And the enhancement of the team had little to do with Shaq and Kobe. But with the betterement (sp?) of the other spots.

Fact remains that Shaq couldn't bring LA another ring. Playing with a prime Kobe.


----------



## Piolo_Pascual (Sep 13, 2006)

koberules24 said:


> *No that would be if you're a crack addict.* *There's a big difference between having a hard on for Shaq and being a Laker fan. This is pretty sad. It's like all the pathetic Shaq fans are now trying to take revenge b/c their favorite player was a sell-out.
> 
> *And if you think I'm being irrational by saying that then maybe you shouldn't come up with such insane ideas.*



1. not a shaq fan
2. hows that an insane idea when practically almost all fans from both fan base as well as sports analysts are viewing the possibility and its realistic value are legitimate?


c'mon throw me some better and logical reasoning than that


----------



## Basel (Mar 31, 2005)

aznzen said:


> if you're a LAKER fan, then you know trading Kobe is not the stupidest idea.


I am a LAKER fan, and I think trading Kobe makes no sense. That's my opinion on it.

I've been a Lakers fan before Kobe was there, and I'll be a Lakers fan long after he's gone. But trading him right now, while he is still the best player in the league, would not be very smart to me. Even if we did get a package of Deng, Gordon, etc. I don't see that elevating the Lakers much higher than where they are at right now.


----------



## DaRizzle (May 22, 2007)

Causeway said:


> Not dumber than trading Shaq.


First of all the Celtics can go to hell and got what they deserved in the draft. Second of all Shaq was screaming "Show me the money!" to Dr. Buss in the pre-season...you don't do that, and 3rd, another player we got in the Shaq trade was Kobe, because he would have been gone if Shaq wasn't. Have fun with your 5th pick. HA HA HA HA HA


----------



## Basel (Mar 31, 2005)

DaRizzle said:


> First of all the Celtics can go to hell and got what they deserved in the draft. Second of all Shaq was screaming "Show me the money!" to Dr. Buss in the pre-season...you don't do that, and 3rd, another player we got in the Shaq trade was Kobe, because he would have been gone if Shaq wasn't. Have fun with your 5th pick. HA HA HA HA HA


No need to get on him because he's a Celtics fan. That has nothing to do with the topic at hand.


----------



## Piolo_Pascual (Sep 13, 2006)

Basel57 said:


> I am a LAKER fan, and I think trading Kobe makes no sense. That's my opinion on it.
> 
> I've been a Lakers fan before Kobe was there, and I'll be a Lakers fan long after he's gone. But trading him right now, while he is still the best player in the league, would not be very smart to me. Even if we did get a package of Deng, Gordon, etc. I don't see that elevating the Lakers much higher than where they are at right now.

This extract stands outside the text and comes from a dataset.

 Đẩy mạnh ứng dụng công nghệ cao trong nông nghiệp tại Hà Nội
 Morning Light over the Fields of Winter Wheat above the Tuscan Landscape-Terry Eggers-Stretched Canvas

you didnt really give out any reasoning as to why a new set of roster combined with some of the current lakers is not as better.


im waiting/


----------



## Basel (Mar 31, 2005)

aznzen said:


> you didnt really give out any reasoning as to why a new set of roster combined with some of the current lakers is not as better.
> 
> 
> im waiting/


My main reasoning behind it is that if Phil stays coach, and a trade like that goes through, it takes a while to learn the Triangle System. Kobe has it perfected right now. Bringing in other players in a trade for Kobe will probably make things tough for the Lakers. 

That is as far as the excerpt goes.